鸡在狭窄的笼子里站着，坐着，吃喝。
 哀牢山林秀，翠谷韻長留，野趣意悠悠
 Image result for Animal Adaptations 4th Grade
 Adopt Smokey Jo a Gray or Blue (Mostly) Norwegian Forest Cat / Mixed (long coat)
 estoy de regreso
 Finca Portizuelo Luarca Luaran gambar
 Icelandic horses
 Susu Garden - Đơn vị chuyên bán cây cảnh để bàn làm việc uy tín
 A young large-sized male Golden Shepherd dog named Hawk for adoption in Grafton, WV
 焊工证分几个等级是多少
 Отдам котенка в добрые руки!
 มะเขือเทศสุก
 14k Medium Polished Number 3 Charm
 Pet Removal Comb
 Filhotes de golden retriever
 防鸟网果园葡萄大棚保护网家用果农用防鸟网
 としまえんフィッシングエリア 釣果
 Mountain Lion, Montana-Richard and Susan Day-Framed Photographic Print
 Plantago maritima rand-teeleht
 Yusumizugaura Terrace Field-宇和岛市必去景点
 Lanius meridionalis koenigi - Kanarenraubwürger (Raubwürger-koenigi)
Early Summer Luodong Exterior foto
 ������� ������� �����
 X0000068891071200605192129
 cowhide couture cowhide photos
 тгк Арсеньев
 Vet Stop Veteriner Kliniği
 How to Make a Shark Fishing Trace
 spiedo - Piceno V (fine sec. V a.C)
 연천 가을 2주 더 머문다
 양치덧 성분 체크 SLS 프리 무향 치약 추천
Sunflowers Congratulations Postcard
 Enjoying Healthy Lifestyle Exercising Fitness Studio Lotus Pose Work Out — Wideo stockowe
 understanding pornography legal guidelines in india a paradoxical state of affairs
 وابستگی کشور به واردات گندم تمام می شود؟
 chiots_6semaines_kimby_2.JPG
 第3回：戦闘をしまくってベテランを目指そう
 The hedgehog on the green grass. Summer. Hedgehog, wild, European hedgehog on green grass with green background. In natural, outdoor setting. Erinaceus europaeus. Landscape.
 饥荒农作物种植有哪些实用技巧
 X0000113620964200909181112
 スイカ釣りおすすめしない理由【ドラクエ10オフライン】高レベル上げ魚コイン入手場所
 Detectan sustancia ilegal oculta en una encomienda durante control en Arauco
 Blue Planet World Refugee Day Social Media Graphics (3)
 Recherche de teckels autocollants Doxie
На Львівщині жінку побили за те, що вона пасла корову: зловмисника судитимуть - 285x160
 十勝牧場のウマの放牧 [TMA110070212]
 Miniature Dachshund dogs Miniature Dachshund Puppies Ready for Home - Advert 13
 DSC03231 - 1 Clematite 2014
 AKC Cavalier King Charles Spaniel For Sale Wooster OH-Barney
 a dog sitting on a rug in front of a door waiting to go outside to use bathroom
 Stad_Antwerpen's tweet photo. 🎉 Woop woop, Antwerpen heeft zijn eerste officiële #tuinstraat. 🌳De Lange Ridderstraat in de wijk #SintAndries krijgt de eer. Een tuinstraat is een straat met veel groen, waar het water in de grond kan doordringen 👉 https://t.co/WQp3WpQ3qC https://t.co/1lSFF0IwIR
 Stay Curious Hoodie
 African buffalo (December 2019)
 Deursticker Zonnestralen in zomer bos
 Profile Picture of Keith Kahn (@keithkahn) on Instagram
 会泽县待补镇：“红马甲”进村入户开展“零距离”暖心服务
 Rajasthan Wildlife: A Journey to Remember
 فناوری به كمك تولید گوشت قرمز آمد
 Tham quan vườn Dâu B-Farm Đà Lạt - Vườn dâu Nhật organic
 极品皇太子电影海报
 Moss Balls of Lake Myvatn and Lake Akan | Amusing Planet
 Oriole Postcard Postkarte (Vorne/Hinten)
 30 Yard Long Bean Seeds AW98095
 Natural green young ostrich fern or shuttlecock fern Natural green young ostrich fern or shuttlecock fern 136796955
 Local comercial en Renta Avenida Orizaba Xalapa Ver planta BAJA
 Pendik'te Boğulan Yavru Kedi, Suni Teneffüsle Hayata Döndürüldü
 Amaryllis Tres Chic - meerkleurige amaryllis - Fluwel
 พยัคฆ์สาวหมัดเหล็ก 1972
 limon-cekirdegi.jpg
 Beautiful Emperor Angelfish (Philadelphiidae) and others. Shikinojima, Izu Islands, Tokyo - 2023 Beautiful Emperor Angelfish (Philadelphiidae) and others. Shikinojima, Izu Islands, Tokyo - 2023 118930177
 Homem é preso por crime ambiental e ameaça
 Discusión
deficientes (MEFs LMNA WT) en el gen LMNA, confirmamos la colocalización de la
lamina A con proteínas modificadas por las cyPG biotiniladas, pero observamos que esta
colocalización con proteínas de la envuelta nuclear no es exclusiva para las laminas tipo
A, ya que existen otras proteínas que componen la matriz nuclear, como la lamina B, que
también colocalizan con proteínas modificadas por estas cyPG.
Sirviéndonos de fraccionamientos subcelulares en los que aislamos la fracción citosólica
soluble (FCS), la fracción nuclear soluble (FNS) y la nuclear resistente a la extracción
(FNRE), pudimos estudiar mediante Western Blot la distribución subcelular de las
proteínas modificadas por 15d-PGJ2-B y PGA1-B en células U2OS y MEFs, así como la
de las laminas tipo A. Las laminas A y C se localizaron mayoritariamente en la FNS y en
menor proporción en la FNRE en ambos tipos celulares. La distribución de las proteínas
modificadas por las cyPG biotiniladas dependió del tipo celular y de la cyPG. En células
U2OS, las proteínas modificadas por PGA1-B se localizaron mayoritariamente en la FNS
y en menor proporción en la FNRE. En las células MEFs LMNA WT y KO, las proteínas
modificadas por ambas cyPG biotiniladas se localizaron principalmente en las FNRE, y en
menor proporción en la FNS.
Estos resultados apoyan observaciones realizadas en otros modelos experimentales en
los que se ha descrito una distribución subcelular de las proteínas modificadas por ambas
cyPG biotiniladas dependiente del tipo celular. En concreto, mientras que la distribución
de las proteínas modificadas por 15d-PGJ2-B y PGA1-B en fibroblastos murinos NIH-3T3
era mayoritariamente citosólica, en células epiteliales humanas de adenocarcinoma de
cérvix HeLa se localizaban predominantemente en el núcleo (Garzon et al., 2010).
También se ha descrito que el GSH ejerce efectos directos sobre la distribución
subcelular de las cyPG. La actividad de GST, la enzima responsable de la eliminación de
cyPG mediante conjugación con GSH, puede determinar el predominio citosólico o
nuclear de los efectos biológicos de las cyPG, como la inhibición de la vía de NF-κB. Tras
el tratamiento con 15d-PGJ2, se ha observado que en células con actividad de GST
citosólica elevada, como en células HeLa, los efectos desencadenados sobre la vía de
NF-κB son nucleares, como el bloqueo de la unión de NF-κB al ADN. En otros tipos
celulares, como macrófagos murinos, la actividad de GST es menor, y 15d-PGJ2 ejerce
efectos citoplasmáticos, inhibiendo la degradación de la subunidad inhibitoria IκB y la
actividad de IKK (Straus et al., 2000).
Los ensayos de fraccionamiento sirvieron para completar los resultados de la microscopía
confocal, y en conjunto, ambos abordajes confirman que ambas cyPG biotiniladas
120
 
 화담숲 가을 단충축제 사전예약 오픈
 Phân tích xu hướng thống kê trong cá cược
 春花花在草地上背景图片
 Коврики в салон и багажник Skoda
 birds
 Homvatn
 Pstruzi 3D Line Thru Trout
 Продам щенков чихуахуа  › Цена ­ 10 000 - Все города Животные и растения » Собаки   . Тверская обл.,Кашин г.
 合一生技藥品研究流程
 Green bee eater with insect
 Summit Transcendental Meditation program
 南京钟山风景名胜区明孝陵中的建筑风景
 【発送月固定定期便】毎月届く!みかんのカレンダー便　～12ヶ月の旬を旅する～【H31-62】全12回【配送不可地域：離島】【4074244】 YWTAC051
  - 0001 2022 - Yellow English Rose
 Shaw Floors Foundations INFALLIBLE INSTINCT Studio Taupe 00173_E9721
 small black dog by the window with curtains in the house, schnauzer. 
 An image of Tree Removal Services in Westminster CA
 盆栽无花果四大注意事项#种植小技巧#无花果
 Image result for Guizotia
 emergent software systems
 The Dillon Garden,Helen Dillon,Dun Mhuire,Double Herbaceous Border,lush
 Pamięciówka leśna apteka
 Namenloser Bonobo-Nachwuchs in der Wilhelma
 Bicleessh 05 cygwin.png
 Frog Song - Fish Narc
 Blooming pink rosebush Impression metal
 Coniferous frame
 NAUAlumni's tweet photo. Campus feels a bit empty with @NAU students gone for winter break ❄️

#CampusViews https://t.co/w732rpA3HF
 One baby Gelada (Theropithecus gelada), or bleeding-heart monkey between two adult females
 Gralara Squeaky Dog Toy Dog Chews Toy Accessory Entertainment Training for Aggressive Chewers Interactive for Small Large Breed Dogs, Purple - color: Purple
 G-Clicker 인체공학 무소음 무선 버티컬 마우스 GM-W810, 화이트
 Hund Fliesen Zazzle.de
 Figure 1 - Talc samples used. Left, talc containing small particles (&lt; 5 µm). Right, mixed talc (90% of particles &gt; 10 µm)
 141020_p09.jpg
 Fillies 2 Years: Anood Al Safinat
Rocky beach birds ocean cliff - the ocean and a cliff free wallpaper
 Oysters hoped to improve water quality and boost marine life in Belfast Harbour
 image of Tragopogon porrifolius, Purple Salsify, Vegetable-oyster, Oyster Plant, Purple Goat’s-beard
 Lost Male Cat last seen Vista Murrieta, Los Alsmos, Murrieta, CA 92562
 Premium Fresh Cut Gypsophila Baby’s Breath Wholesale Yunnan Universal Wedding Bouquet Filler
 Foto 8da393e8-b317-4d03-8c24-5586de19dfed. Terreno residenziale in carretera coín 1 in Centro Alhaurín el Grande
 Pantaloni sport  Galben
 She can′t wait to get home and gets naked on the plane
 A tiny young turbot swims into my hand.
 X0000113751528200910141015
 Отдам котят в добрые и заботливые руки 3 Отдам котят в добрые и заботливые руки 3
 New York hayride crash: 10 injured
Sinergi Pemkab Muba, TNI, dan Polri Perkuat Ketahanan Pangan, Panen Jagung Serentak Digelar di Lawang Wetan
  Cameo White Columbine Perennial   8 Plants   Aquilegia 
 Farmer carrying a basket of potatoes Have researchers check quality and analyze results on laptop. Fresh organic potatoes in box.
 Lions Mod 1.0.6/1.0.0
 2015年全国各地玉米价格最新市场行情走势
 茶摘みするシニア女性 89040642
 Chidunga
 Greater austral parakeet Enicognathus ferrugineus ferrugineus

■ What you need to do
Reproduce verbatim the lines above, from the line with "Susu Garden - Đơn" through the line with "Enjoying Healthy Lifestyle".

■ Written answer
 Susu Garden - Đơn vị chuyên bán cây cảnh để bàn làm việc uy tín
 A young large-sized male Golden Shepherd dog named Hawk for adoption in Grafton, WV
 焊工证分几个等级是多少
 Отдам котенка в добрые руки!
 มะเขือเทศสุก
 14k Medium Polished Number 3 Charm
 Pet Removal Comb
 Filhotes de golden retriever
 防鸟网果园葡萄大棚保护网家用果农用防鸟网
 としまえんフィッシングエリア 釣果
 Mountain Lion, Montana-Richard and Susan Day-Framed Photographic Print
 Plantago maritima rand-teeleht
 Yusumizugaura Terrace Field-宇和岛市必去景点
 Lanius meridionalis koenigi - Kanarenraubwürger (Raubwürger-koenigi)
Early Summer Luodong Exterior foto
 ������� ������� �����
 X0000068891071200605192129
 cowhide couture cowhide photos
 тгк Арсеньев
 Vet Stop Veteriner Kliniği
 How to Make a Shark Fishing Trace
 spiedo - Piceno V (fine sec. V a.C)
 연천 가을 2주 더 머문다
 양치덧 성분 체크 SLS 프리 무향 치약 추천
Sunflowers Congratulations Postcard
 Enjoying Healthy Lifestyle Exercising Fitness Studio Lotus Pose Work Out — Wideo stockowe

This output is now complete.